What you should give back is a precise copy of the lines below from the one containing "Esport vector logo" through the one containing "Fleece-lined Baby Romper", with no pictures.

──────── Supplied material

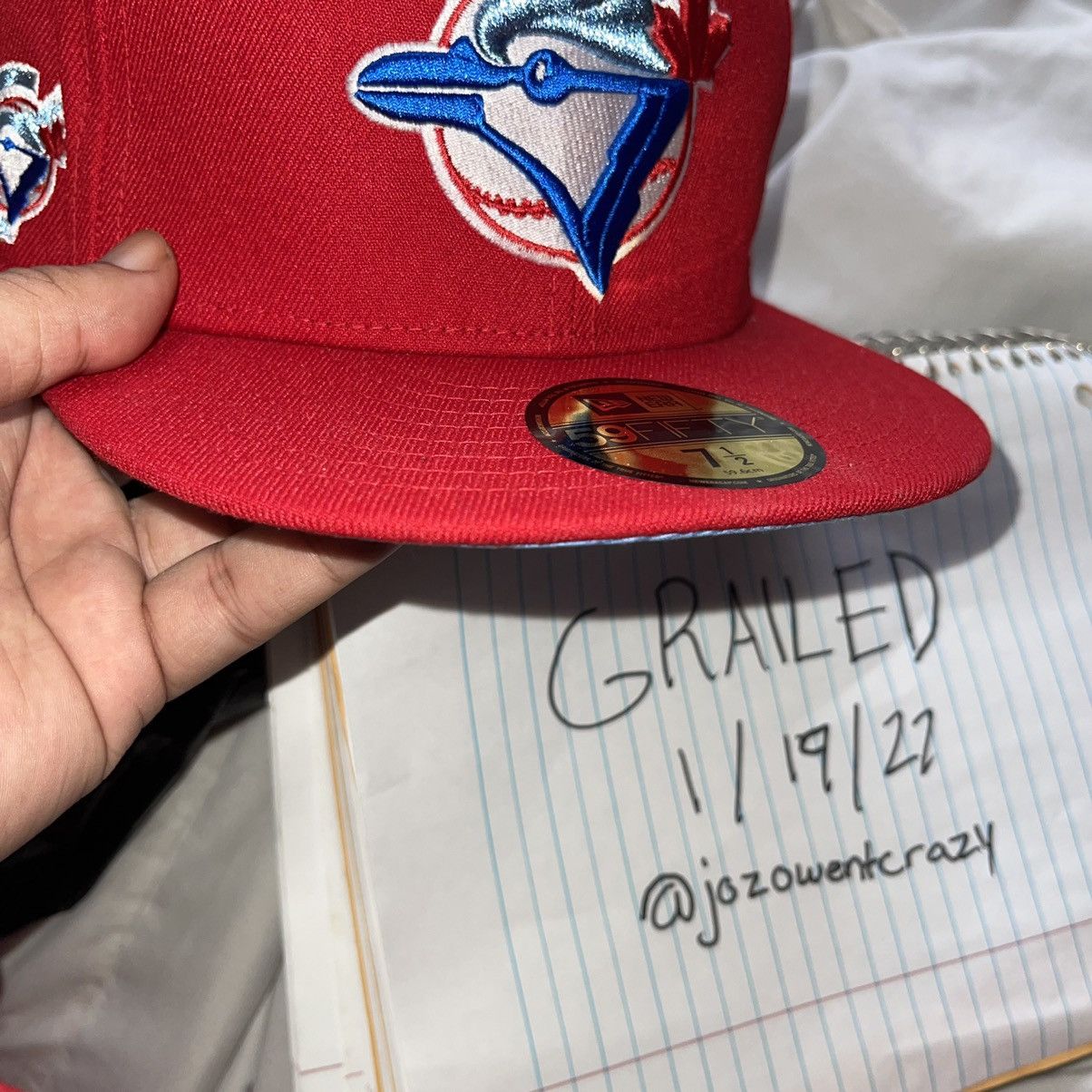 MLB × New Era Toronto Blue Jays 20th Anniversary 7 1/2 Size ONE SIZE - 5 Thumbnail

────────────────
──────── Supplied material

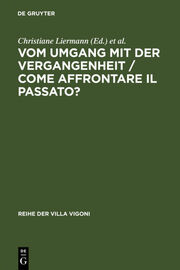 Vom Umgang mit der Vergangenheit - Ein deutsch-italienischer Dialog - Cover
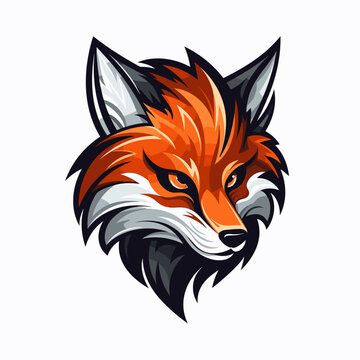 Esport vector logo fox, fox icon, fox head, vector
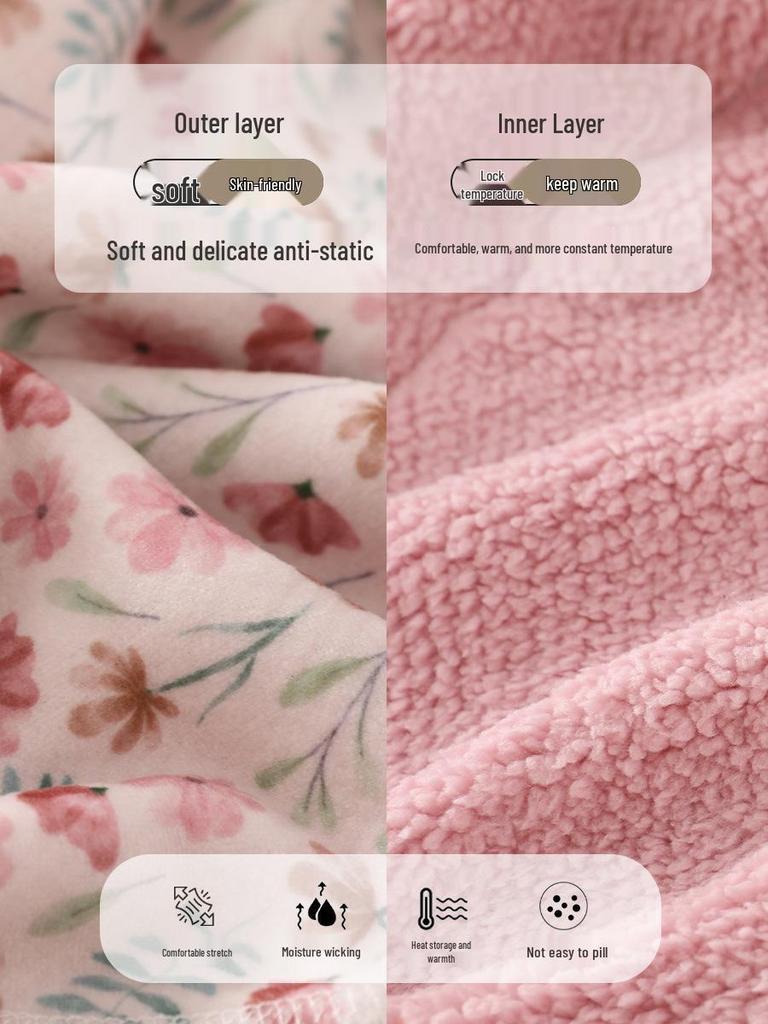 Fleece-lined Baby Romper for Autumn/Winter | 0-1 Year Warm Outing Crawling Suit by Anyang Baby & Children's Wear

────────────────

Written solution:
 Esport vector logo fox, fox icon, fox head, vector
 Fleece-lined Baby Romper for Autumn/Winter | 0-1 Year Warm Outing Crawling Suit by Anyang Baby & Children's Wear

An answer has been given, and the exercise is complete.